OBJECTIVE OF THE STUDY: To determine if age, breed, gender, weight or distraction index (DI) influenced the risk of radiographic osteoarthritis (OA) of canine hip dysplasia (CHD) in four common dog breeds; the American bulldog, Bernese mountain dog, Newfoundland and standard poodle.

RESULTS: For all breeds, DI was the most significant risk factor for
the development of OA associated with CHD. Weight and age were
also significant risk factors in all four breeds, but gender was not.

Ok... so lets put that in layman's terms. DI is what Pennhip tests. It shows how "loose" the hip joint is. This paper made the argument that Pennhip testing is the best predictor of future osteoarthritis (OA) which basically causes Canine Hip Dysplasia (CHD).

These are some other things I pulled out of the article:

1. Breeds not known to have CHD (like Greyhounds) have DIs below .30
2. It is possible for breeders to improve laxity through selective breeding.
3. Breeders of all breeds should be trying to breed for DIs below .30.
4. Breeders need to test after age 24 months because laxity gets worse with age.
5. Higher laxity does seem to affect different breeds differently. This may be due to size and weight (e.g. An American Bull dog with DI .50 is at greater risk for OA than a Standard Poodle).
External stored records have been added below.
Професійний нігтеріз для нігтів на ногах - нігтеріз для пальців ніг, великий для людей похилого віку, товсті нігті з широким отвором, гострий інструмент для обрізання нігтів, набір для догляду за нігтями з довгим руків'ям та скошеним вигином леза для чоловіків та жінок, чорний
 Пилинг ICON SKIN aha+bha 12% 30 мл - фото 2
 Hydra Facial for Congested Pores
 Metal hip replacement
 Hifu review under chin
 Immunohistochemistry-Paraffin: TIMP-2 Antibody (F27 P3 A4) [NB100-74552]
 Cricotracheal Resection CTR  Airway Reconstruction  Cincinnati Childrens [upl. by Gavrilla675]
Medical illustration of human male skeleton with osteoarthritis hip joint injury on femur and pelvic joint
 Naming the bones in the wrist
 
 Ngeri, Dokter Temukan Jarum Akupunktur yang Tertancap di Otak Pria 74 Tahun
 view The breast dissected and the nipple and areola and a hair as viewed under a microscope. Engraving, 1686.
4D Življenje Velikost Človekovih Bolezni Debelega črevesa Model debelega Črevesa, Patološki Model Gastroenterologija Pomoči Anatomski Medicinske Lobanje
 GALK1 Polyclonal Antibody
The thing that I thought was most interesting was the recommended age of testing. Pennhip has been used by many breeders because you can test and get DI scores very early. For some this is just a baseline measurement, but for many breeders, it has allowed them to breed young dogs but still say that they are "testing".

According to this article, best breeding practices would be to Pennhip test after age two because this gives a more accurate picture of a dog's true hip laxity.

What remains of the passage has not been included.